Data ->
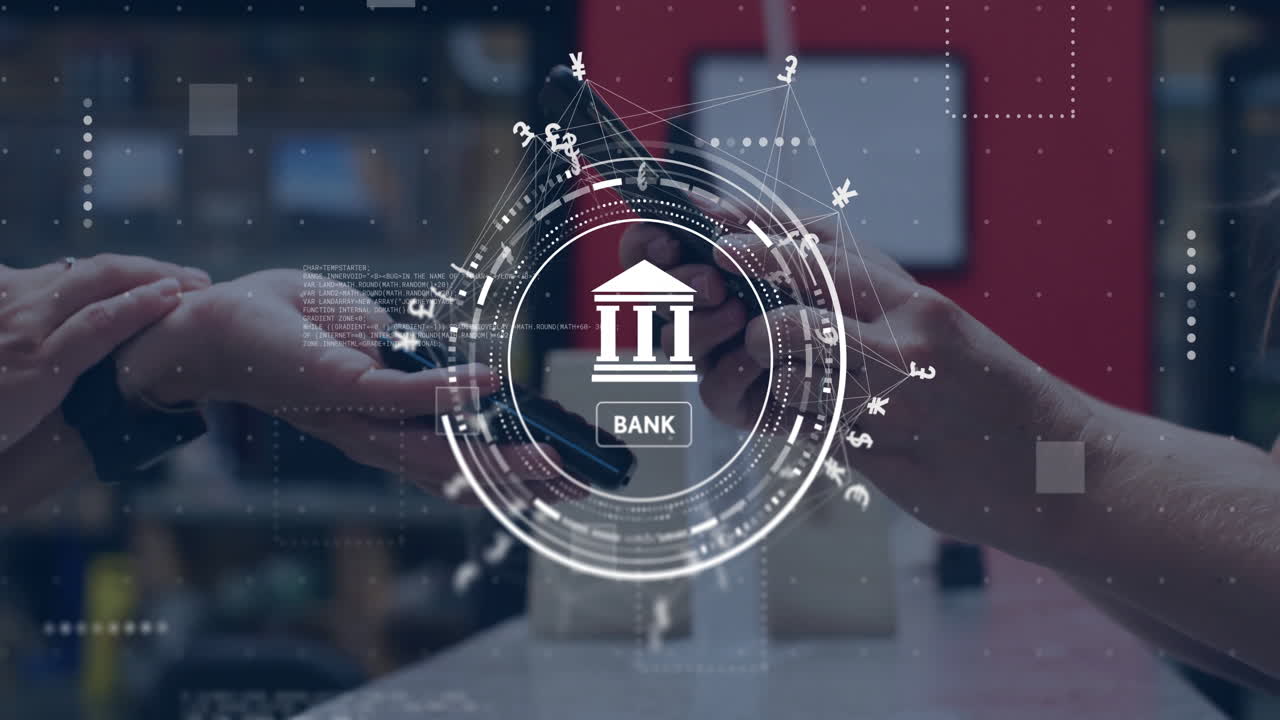 Animation of bank sign, network and data processing over caucasian man paying with smartphone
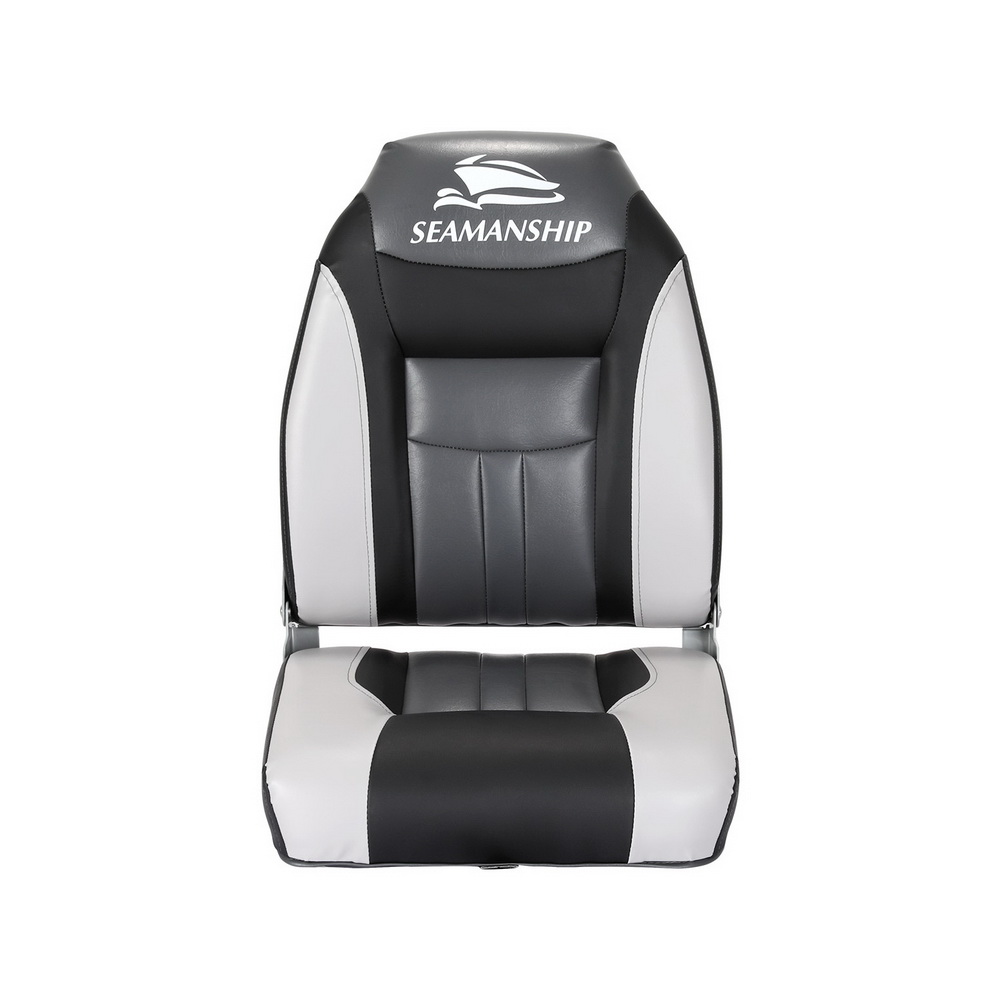 Seamanship 2X Folding Boat Seats Marine Seat Swivel High Back 12cm Padding Black — image 3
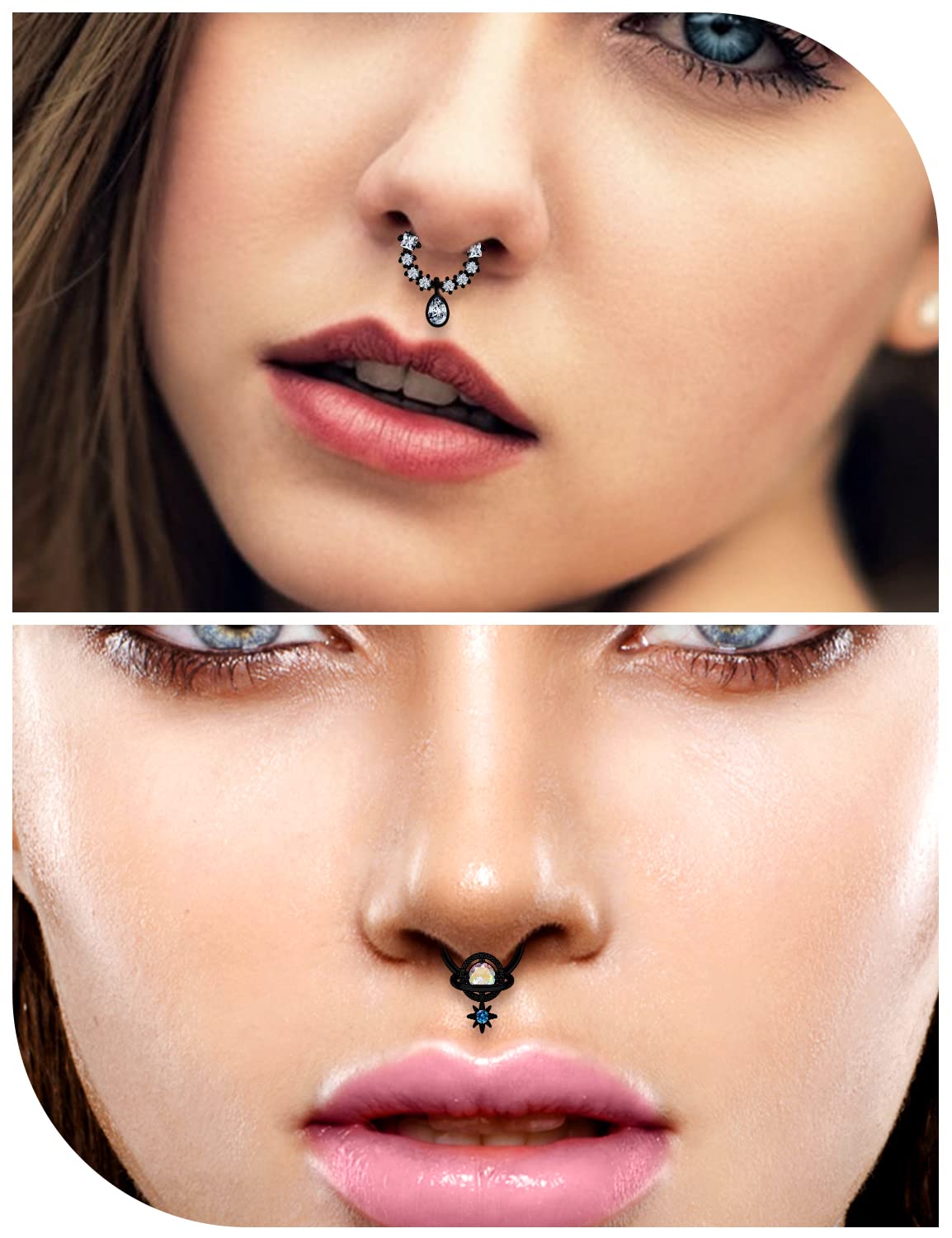 Vsnnsns 16G Septum Rings Piercing Jewelry Septum Jewelry CZ Clicker Ring Stainless Steel Septum Hinged Segment Nose Rings Hoop Piercing Jewelry for Men Women 10mm 5pcs Black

Task goal -> Where a picture appears, skip it and copy the rest of the data word for word.

Answer ->
 Animation of bank sign, network and data processing over caucasian man paying with smartphone
 Seamanship 2X Folding Boat Seats Marine Seat Swivel High Back 12cm Padding Black — image 3
 Vsnnsns 16G Septum Rings Piercing Jewelry Septum Jewelry CZ Clicker Ring Stainless Steel Septum Hinged Segment Nose Rings Hoop Piercing Jewelry for Men Women 10mm 5pcs Black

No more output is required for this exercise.